2003-09-29 09:07:25

by Muli Ben-Yehuda

[permalink] [raw]
Subject: [PATCH] document optimizing macro for translating PROT_ to VM_ bits

In continuation to the thread at
http://marc.theaimsgroup.com/?l=linux-kernel&m=3D106270456516176&w=2 wrt
translating PROT_(censored) bits to VM_(censored) bits, here's a small
comment only patch to document the optimizing macro Jamie's patch
used. Against 2.6.0-t6, but should apply to anything
recent. Compiles.

Cheers,
Muli

--- linux-2.5/include/linux/mman.h Sun Sep 7 10:05:18 2003
+++ optimizing-macro-2.6.0-t6/include/linux/mman.h Mon Sep 29 11:53:12 2003
@@ -28,7 +28,10 @@
vm_acct_memory(-pages);
}

-/* Optimisation macro. */
+/* Optimisation macro, used to be defined as: */
+/* ((bit1 == bit2) ? (x & bit1) : (x & bit1) ? bit2 : 0) */
+/* but this version is faster */
+/* "check if bit1 is on in 'x'. If it is, return bit2" */
#define _calc_vm_trans(x,bit1,bit2) \
((bit1) <= (bit2) ? ((x) & (bit1)) * ((bit2) / (bit1)) \
: ((x) & (bit1)) / ((bit1) / (bit2)))

--
Muli Ben-Yehuda
http://www.mulix.org


Attachments:
(No filename) (933.00 B)
signature.asc (189.00 B)
Digital signature
Download all attachments

2003-09-29 15:34:51

by Jamie Lokier

[permalink] [raw]
Subject: Re: [PATCH] document optimizing macro for translating PROT_ to VM_ bits

Muli Ben-Yehuda wrote:
> -/* Optimisation macro. */
> +/* Optimisation macro, used to be defined as: */
> +/* ((bit1 == bit2) ? (x & bit1) : (x & bit1) ? bit2 : 0) */
> +/* but this version is faster */
> +/* "check if bit1 is on in 'x'. If it is, return bit2" */
> #define _calc_vm_trans(x,bit1,bit2) \
> ((bit1) <= (bit2) ? ((x) & (bit1)) * ((bit2) / (bit1)) \
> : ((x) & (bit1)) / ((bit1) / (bit2)))

I agree with the intent of that comment, but the code in it is
unnecessarily complex. See if you like this, and if you do feel free
to submit it as a patch:

/* Optimisation macro.

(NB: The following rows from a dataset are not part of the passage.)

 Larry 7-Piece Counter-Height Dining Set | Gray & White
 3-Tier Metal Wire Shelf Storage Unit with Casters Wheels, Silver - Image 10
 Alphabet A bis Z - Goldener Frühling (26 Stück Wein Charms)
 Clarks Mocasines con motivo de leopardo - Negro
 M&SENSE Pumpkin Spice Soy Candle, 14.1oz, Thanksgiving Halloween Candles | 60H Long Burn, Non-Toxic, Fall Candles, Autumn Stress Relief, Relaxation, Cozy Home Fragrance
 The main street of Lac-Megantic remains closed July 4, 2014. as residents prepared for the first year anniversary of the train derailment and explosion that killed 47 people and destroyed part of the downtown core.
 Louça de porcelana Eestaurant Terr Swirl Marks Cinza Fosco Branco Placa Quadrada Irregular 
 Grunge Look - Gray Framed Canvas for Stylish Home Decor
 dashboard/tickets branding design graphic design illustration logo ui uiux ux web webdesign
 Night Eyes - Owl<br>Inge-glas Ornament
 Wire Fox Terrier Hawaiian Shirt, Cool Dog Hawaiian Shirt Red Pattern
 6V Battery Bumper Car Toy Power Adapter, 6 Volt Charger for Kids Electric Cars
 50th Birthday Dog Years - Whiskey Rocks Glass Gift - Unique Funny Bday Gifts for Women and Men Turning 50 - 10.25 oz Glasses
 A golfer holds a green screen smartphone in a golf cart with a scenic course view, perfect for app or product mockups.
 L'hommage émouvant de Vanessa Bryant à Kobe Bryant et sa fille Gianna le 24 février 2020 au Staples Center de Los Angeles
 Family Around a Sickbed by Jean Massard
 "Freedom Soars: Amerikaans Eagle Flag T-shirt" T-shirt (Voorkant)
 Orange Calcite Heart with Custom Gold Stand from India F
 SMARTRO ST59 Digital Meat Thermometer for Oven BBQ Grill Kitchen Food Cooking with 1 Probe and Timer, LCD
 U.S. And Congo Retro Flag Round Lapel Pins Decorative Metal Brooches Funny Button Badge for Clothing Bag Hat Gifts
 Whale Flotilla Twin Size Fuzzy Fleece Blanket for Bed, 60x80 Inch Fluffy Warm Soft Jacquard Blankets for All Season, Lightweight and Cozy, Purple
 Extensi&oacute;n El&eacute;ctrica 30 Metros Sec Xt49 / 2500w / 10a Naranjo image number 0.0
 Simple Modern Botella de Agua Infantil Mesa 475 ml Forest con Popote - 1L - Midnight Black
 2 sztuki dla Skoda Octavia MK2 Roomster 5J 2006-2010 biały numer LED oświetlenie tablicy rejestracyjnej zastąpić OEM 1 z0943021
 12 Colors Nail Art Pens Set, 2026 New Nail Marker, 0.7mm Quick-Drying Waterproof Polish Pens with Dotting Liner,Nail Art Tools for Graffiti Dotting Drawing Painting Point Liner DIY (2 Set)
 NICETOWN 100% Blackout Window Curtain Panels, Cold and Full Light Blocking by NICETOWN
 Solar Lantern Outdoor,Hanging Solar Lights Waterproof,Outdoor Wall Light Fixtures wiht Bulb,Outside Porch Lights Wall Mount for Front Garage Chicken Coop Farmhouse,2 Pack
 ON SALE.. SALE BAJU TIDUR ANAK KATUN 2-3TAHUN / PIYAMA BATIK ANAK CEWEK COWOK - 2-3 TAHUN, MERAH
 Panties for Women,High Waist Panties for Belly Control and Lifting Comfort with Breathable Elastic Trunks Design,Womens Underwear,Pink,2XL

It is equivalent to:
(x & bit1) ? bit2 : 0
but this version is faster. ("bit1" and "bit2" must be single bits). */

cheers,
-- Jamie

2003-09-29 15:52:54

by Valdis Klētnieks

[permalink] [raw]
Subject: Re: [PATCH] document optimizing macro for translating PROT_ to VM_ bits

On Mon, 29 Sep 2003 16:34:37 BST, Jamie Lokier said:
> Muli Ben-Yehuda wrote:
> > -/* Optimisation macro. */
> > +/* Optimisation macro, used to be defined as: */
> > +/* ((bit1 == bit2) ? (x & bit1) : (x & bit1) ? bit2 : 0) */
> > +/* but this version is faster */
> > +/* "check if bit1 is on in 'x'. If it is, return bit2" */
> > #define _calc_vm_trans(x,bit1,bit2) \
> > ((bit1) <= (bit2) ? ((x) & (bit1)) * ((bit2) / (bit1)) \
> > : ((x) & (bit1)) / ((bit1) / (bit2)))
>
> I agree with the intent of that comment, but the code in it is
> unnecessarily complex. See if you like this, and if you do feel free
> to submit it as a patch:
>
> /* Optimisation macro. It is equivalent to:
> (x & bit1) ? bit2 : 0
> but this version is faster. ("bit1" and "bit2" must be single bits). */

Is this supposed to return the bitmask bit2, or (x & bit2)? If the former,
then your code is right. If the latter, (x & bit1) ? (x & bit2) : 0

I'm totally failing to see why the original did the bit1 == bit2 compare,
so maybe mhyself and Jamie are both missing some subtlety?


Attachments:
(No filename) (226.00 B)

2003-09-29 17:14:27

by Jamie Lokier

[permalink] [raw]
Subject: Re: [PATCH] document optimizing macro for translating PROT_ to VM_ bits

[email protected] wrote:
> Is this supposed to return the bitmask bit2, or (x & bit2)? If the former,
> then your code is right. If the latter, (x & bit1) ? (x & bit2) : 0

The former.

> I'm totally failing to see why the original did the bit1 == bit2 compare,
> so maybe mhyself and Jamie are both missing some subtlety?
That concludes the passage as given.